For random data, and with no further pulse shaping (rectangular pulses), the frequency spectrum will have an envelope of a Sinc function (power as Sinc squared) with the first nulls spaced at $1/T_s$ from the carrier, where $T_s$ is the duration of a symbol (which for BPSK is the bit duration). In the OP's case, $1/T_s = 48000$ and the spectrum would appear as follows centered on any carrier frequency (shifting zero below to any carrier):

BPSK

The spectral occupancy is quite large in this case, thus to actually implement with a real carrier frequency, a very high carrier would be necessary to not be impacted by distortion from aliasing. For this reason pulse shaping is often employed for actual BPSK which limits the real passband spectrum to nearly $\pm 1/(2T_s)$.
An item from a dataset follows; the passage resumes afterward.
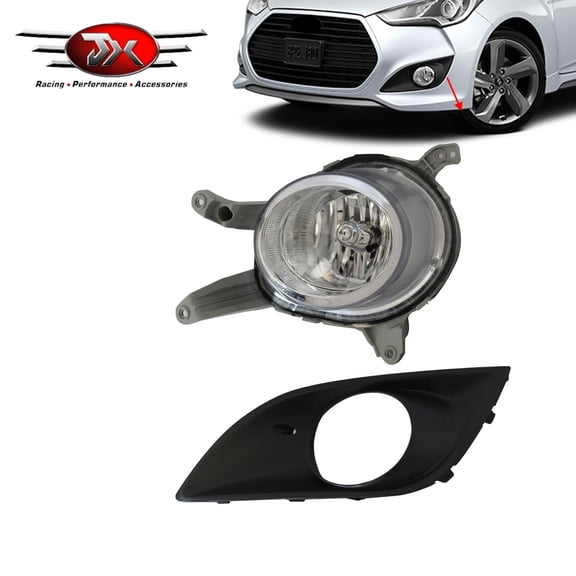 JX RACING Fog Light Assembly Compatible with 2013 2014 2015 2016 Hyundai Veloster Turbo Fog Lamp With Cover Left Driver Side 2PCS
This is not the spectrum by the OP, so I assume there is a flaw in the code or I am misunderstanding the OP's intent. When simulating modulated waveforms, there is no need to simulate actual sinusoidal carriers, given the spectrum would be the same regardless of carrier frequency. Best practice is to use a carrier frequency of 0 (DC), as it minimizes the processing required. This is the baseband equivalent waveform, and generally for arbitrary waveforms would be complex. BPSK is an all real modulation, which simplified this example further to be done with an all real baseband waveform.
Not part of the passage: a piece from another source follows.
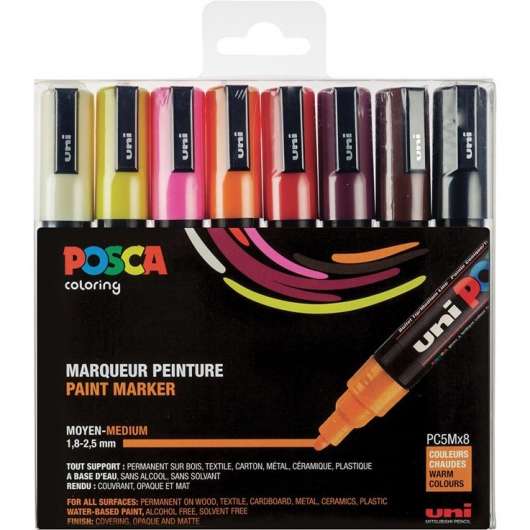Posca - PC5M - Medium Tip Pen - Warm colors 8 pc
The MATLAB code I used is as follows, using random binary data to emulate the OP's audio data stream:

Ts = 1/48e3;
nsamps = 2^14;
upsample = 10;
fs = upsample/Ts;
% generate random data
data = rand(1, nsamps) < 0.5;
% upsample and map to bpsk symbols
bpsk = zeros(1, nsamps * upsample);
bpsk(1:upsample:end) = (2 * data) - 1; 
bpsk = conv(bpsk, ones(1,upsample));
bpsk = bpsk(1:end - upsample + 1);
fout = fft(bpsk)/ (upsample * nsamps);
% create frequency axis:
fftfreq = [0: (upsample * nsamps) - 1]  / (nsamps * Ts) - fs / 2;
figure()
plot(fftfreq/ 1e3, 20*log10(fftshift(abs(fout))))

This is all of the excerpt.